In modern studies, we can see some key differences: policymaking at a smaller scale seems to allow ‘entrepreneurs’ more opportunities to propose solutions and generate attention to problems; and, it seems possible to short-circuit the need to ‘soften’ policies by finding sympathetic audiences in different ‘venues’ or importing solutions that have a reputation for working elsewhere. Yet, most of MSA’s abstract insights remain ‘universal’, inviting us to adopt a counterintuitive strategy of producing solutions then chasing problems, and focus on framing and persuasion to reduce ambiguity and generate demand for evidence, rather than producing more and more evidence to reduce uncertainty in the hope that scientific evidence will win the day or speak for itself.
We often use the metaphor of ‘tools’ to describe the ways in which people use public policy analysis. For some, the suggestion is that – like a hammer and chisel – anyone could pick them up and use them. Yet, let’s think about that metaphor some more:
Anyone can use a hammer and chisel, but many people lop of their fingers or break things while doing so.
You use a hammer and chisel for a particular purpose, such as to create a sculpture. We can all whack a bit of stone with a blunt object, but it takes skill to turn it into something worth your attention.
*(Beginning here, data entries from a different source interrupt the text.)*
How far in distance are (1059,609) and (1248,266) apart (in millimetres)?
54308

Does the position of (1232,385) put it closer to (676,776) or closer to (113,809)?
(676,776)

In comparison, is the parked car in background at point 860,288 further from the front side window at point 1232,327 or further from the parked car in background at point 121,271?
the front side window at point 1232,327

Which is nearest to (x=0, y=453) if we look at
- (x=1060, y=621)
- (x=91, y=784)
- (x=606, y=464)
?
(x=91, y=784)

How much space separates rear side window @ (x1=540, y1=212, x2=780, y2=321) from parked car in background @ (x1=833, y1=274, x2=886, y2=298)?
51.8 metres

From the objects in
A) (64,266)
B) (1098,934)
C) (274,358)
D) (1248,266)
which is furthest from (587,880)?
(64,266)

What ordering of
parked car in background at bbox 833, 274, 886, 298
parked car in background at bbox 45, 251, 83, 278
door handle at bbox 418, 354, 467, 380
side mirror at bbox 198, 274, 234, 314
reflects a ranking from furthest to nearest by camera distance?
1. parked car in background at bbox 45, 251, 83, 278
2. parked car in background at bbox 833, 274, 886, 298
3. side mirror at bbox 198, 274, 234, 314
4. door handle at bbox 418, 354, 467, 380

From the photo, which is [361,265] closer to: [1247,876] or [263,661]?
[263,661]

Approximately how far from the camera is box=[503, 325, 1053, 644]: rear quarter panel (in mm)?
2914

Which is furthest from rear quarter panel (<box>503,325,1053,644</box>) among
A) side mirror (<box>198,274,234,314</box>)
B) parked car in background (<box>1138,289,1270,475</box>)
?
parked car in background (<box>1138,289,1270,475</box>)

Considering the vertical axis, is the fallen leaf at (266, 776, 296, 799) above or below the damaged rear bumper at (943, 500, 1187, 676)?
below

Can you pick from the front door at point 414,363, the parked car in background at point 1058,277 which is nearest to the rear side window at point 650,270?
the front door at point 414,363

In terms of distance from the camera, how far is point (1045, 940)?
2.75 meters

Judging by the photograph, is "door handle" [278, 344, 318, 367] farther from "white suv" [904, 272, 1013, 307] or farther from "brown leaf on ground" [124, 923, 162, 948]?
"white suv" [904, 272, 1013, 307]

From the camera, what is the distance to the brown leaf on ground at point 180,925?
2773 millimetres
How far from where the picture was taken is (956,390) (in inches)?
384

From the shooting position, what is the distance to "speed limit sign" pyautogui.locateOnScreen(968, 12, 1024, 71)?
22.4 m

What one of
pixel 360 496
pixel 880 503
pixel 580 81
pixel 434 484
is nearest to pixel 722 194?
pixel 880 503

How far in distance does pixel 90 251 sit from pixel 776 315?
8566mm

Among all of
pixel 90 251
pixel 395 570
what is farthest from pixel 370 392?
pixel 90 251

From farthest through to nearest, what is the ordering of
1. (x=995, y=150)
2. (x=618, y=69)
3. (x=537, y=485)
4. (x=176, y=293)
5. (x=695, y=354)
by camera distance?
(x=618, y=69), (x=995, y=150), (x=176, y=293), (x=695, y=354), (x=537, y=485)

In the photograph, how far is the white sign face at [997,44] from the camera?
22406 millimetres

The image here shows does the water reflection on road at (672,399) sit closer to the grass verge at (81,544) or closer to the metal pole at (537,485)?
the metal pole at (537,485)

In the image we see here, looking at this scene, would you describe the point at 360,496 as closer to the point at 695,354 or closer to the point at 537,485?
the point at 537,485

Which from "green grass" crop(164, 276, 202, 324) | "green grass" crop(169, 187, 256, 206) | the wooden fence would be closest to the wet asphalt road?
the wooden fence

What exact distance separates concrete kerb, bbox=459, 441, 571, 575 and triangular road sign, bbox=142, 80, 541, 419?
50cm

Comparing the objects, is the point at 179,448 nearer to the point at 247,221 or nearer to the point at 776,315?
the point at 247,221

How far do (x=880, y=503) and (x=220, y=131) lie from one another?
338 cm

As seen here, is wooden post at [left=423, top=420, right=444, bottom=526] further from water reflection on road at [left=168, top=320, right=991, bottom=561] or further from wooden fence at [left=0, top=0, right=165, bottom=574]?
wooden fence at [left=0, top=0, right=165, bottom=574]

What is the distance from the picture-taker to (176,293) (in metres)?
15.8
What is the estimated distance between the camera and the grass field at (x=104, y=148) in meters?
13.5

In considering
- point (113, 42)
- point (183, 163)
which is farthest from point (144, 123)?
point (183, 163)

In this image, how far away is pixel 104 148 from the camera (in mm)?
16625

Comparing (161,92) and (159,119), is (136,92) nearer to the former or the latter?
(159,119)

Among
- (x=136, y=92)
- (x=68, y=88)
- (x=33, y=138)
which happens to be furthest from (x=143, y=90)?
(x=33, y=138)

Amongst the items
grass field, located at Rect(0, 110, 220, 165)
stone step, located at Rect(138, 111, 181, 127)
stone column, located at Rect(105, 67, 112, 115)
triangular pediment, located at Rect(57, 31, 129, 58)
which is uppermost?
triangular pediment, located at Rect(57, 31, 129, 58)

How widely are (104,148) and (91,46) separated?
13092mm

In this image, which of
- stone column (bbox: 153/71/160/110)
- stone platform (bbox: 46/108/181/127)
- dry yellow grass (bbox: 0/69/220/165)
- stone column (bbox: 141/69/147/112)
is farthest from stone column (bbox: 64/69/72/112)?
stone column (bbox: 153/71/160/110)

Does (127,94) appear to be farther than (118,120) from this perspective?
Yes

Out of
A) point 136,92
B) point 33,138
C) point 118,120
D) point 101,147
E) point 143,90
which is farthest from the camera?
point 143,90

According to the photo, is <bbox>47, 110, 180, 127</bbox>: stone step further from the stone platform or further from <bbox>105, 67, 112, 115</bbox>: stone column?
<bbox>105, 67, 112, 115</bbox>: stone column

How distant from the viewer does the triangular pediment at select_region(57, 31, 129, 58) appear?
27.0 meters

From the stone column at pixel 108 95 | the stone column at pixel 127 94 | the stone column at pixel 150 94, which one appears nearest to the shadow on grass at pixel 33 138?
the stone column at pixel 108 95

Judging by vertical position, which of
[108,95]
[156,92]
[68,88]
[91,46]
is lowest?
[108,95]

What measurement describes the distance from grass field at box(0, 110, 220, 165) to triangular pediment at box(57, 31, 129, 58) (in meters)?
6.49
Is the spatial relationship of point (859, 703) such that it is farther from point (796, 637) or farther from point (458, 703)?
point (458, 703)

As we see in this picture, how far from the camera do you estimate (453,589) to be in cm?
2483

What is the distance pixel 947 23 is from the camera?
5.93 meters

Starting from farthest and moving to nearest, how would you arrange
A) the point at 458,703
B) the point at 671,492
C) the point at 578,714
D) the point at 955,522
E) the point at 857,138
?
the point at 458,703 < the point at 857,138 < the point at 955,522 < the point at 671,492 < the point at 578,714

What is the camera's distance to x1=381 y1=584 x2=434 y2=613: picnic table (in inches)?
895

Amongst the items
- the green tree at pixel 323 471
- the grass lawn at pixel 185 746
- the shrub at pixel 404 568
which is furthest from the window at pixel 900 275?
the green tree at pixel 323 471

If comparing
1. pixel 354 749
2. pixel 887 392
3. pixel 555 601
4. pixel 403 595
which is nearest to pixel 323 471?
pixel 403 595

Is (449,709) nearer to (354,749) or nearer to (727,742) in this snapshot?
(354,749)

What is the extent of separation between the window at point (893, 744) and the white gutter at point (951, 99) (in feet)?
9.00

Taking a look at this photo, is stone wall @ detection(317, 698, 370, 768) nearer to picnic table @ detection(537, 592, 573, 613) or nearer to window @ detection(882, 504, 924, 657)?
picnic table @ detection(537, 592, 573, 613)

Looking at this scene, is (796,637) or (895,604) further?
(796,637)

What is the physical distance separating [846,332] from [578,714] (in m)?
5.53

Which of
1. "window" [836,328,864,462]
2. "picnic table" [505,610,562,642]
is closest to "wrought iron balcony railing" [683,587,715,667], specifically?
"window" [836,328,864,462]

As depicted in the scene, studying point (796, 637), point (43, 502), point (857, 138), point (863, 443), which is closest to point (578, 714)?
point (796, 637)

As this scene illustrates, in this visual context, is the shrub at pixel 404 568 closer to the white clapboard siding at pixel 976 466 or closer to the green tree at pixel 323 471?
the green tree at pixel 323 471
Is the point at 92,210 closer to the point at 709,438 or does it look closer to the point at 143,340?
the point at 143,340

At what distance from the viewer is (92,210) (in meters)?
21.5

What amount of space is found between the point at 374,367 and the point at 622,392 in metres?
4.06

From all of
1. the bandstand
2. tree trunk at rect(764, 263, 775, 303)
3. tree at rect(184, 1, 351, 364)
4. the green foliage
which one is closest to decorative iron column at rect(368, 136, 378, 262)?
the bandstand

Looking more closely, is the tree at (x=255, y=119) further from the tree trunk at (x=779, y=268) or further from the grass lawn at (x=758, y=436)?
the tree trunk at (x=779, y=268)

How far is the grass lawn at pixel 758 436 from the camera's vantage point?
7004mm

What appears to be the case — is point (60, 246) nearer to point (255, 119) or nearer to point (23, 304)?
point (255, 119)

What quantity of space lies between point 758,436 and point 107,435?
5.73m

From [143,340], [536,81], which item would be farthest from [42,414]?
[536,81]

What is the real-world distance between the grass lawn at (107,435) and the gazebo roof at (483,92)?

Many tools require training before you should use them: power tools, lasers, MRIs, the screws to insert frames into broken bones, and so on.
My argument is this: you wouldn’t trust a political scientist to make you a piece of art, fix your window, do your laser eyesight correction, or scan your brain, because it is generally not a good idea to pick up and use these tools without training. So, have a quick think about who you would trust with policy tools if they just picked them out of the shed and used them for the first time.
What sort of training do you need to use policy analysis tools effectively?
Let me give you three examples, bearing in mind that the tools metaphor will get annoying soon:
It offers a simple way to turn evidence into policy: you use evidence to identify a problem, provide a range of feasible evidence-based solutions, choose the best solution, then legitimise, implement, and evaluate the solution. However, you soon find that the cycle is the equivalent of, say, a manual carpet sweeper. The technology has moved on, and we now have a much improved understanding of the policy process. In empirical policy analysis, the cycle remains as a way to begin our discussion before identifying more useful concepts and theories.
Using the tools metaphor, you need regular training to know about the state of the art of the technology we use.
It too offers a simple way into the subject. Further, it remains a well-respected and much-used tool for analysis. Let’s say it is like the X-ray. It has been used for decades and it remains a key tool in medicine (and security). You need some training to operate it and, crucially, your training would not stop at ‘here is how we used it in the 1980s’.
In other words, many people pick up Kingdon’s classic book and apply its simple insights without much reference to 3 decades of conceptual advance (much contemporary MSA was developed by other people) and hundreds of other empirical applications.
Using the tools metaphor, you need regular training to keep up to date with the ways in which people use the technology.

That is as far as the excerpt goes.